Thursday, May 21, 2009

Three-screen mania: What's working?

People still watch alot of TV. That shouldn't surprise anyone.

Casting aside modern ambiguities like 'what is TV, exactly?', Neilsen has a neat and tidy report about TV consumption on three screens: Internet, Mobile and, er, TV. The report, titled oddly enough, The Three Screen Report, shows that timeshifted TV viewing is the clear revolution in our midst...at least for the last year. That and watching video on the internet. If it seems like you've heard it all before it's because, well, you have. Certainly, if you read any of these (here, here, and even here).

Tabula veritas shows it all.


So What?

The massive numbers associated with TV in the home are impressive but for one fact: they don't tell whether anyone was actually watching what was on, or whether what was on was merely on, in the background. Conclusions about a higher level of engagement that might be associated with timeshifted, internet, or mobile video may seem sensible: users of these forms must take an active role afterall. But that conclusion too indicates correlation only, not cause.

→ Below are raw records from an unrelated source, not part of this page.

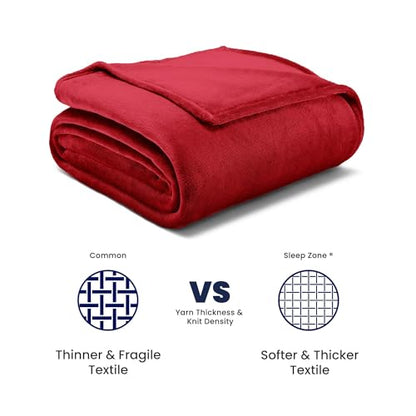 SLEEP ZONE Burgundy Fleece Blanket Super Soft Cozy Throw Flannel Blanket, Lightweight Comfy Fuzzy Blanket Plush Throw Blankets for Couch, Sofa, Bed, Camping, Travel, 50x60Inches - color: Burgundy, size: Throw/Travel (50x60 inches)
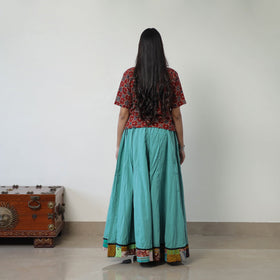 24 kali plain cotton skirt with patchwork border 03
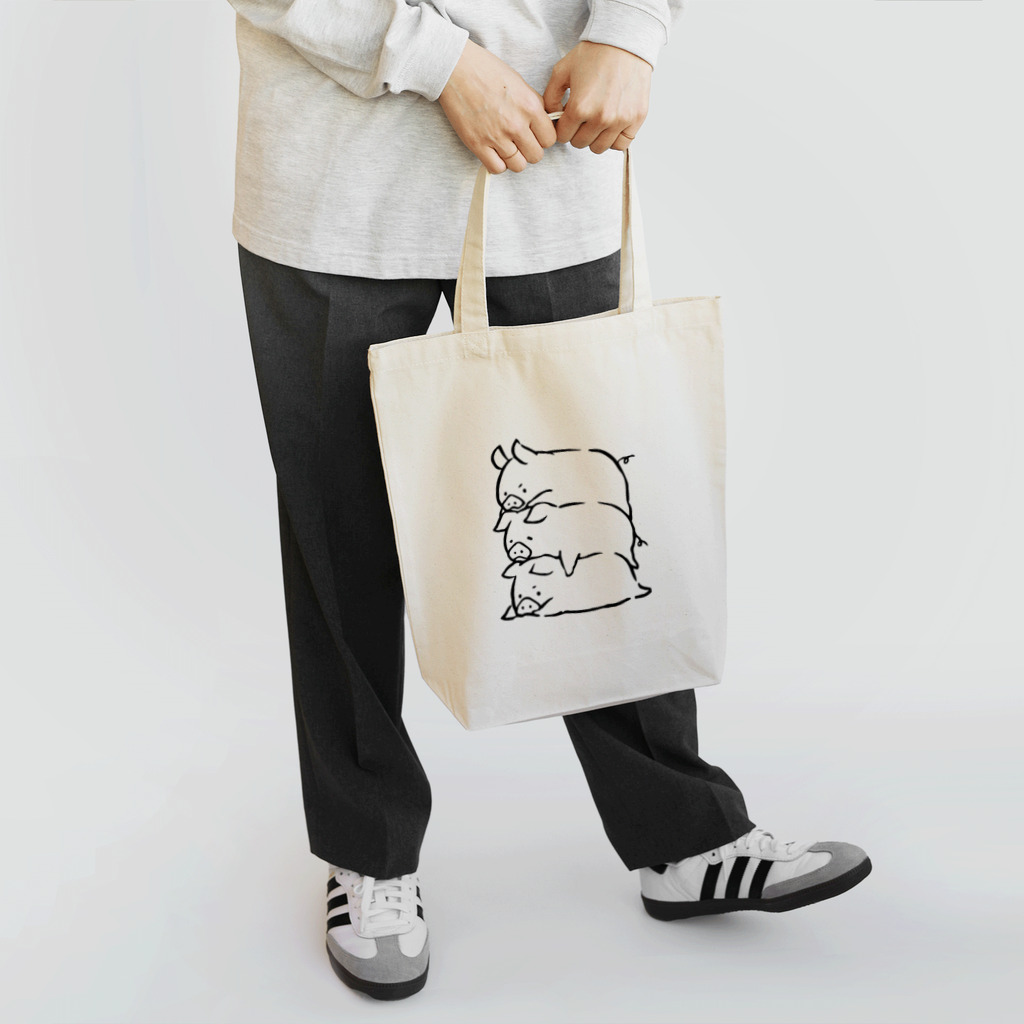 前髪ぱっつん◆SUZURI店の重なる3匹の豚さん Tote Bag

The 3h 37m average monthly figure for mobile video seems high (to me), especially when compared to the time spent watching video on the internet. Regardless, it may be a whisper of the Ubicomp future that walks, unevenly, among us. ( here )

Of the numbers in the report, what is true , if not interesting, is that the average American apparently spends more hours each month with the three screens (196h)  than they do working (150h)...even subtracting for at-work internet use (data table).

What's working, it seems, is the idea that people will watch a screen. Beyond that, we each have to find our own answers.